1

Background/Underlying problem:

I have a data extraction job from a production database that generates a dataset used as reference for further analytics work . Between every build of the dataset I want to be able to detect if anything has changed in the dataset. The dataset is stored as a list of dataframes.

Question:

The following code is a simplified version of my dataset

account_1 <- data.frame(id = c(1,2), name=c("Andy", "Ben"))
account_2 <- data.frame(id = c(1,2,3), name=c("Andy", "Ben2","Ceasar"))
bill <- data.frame(id=c(101,102,103), account_id = c(1,2,3), amount=c(100,100,100))

db_1 = list(account=account_1, bill=bill)
db_2 = list(account=account_2, bill=bill)
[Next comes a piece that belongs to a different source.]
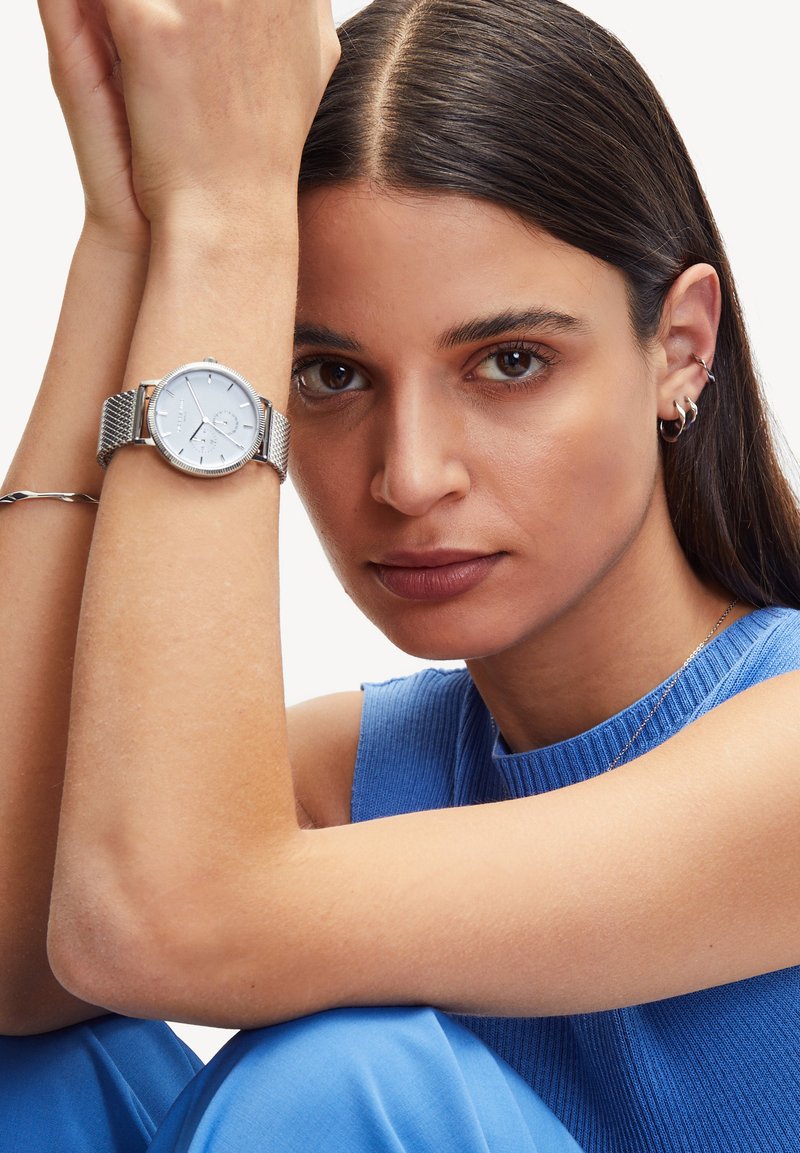 Silberne Armbanduhr mit rundem Ziffernblatt und Mesh-Armband. Das Ziffernblatt zeigt minimalistische Stundenmarkierungen und eine Datumsfunktion. Hauttöne und -texturen sind sichtbar.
I want to be able to detect the delta between db_1 and db_2, which is in the account data frame. Pseudo code:

delta(db_1, db_2)

Should return

account
id name
2 Ben2
3 Ceasar

bill
<<NULL>>

The response is read by human, not a machine, so there a no tight formal requirements on the response.

Other items to consider:

  • relatively small data sets, no need to bother about memory/speed
  • I like tidyverse code
  • If we can have git-style comments around new records (Ceasar) and modified (Ben) that is great

Edit: Data frame comparison can be done by

BUT what is the best way of looping through the list of data.frames

rgustavs
  • 97
  • 7
  • have a look at the dplyr anti_join it returns the difference between two data.frames. But it would also return Ben2 in your example. – Linus Dec 23 '17 at 10:20
  • Possibly you may get https://stackoverflow.com/questions/3171426/compare-two-data-frames-to-find-the-rows-in-data-frame-1-that-are-not-present-in – Vivek Harikrishnan Dec 23 '17 at 10:27
  • You might want to try the [diffobj package](https://cran.r-project.org/web/packages/diffobj/vignettes/diffobj.html), which I find useful. – p0bs Dec 23 '17 at 12:38
  • P0bs - this package was new to me. Very helpful for. Thanks – rgustavs Dec 23 '17 at 17:10

1 Answers1

2

the base function mapply() with let you iterate through multiple objects (lists or vectors):

mapply(function(x, y) dplyr::anti_join(x, y),
       db_2, db_1) # order matters for the result, since it returns rows in x that don't have a match in y

$account
  id   name
1  2   Ben2
2  3 Ceasar

$bill
[1] id         account_id amount    
<0 rows> (or 0-length row.names)

if you want to use tidyverse functions then use purrr::map2():

purrr::map2(db_2, db_1,  ~ anti_join(.x, .y))

there is also pmap() function if you have more than two lists to compare.

Nate
  • 10,361
  • 3
  • 33
  • 40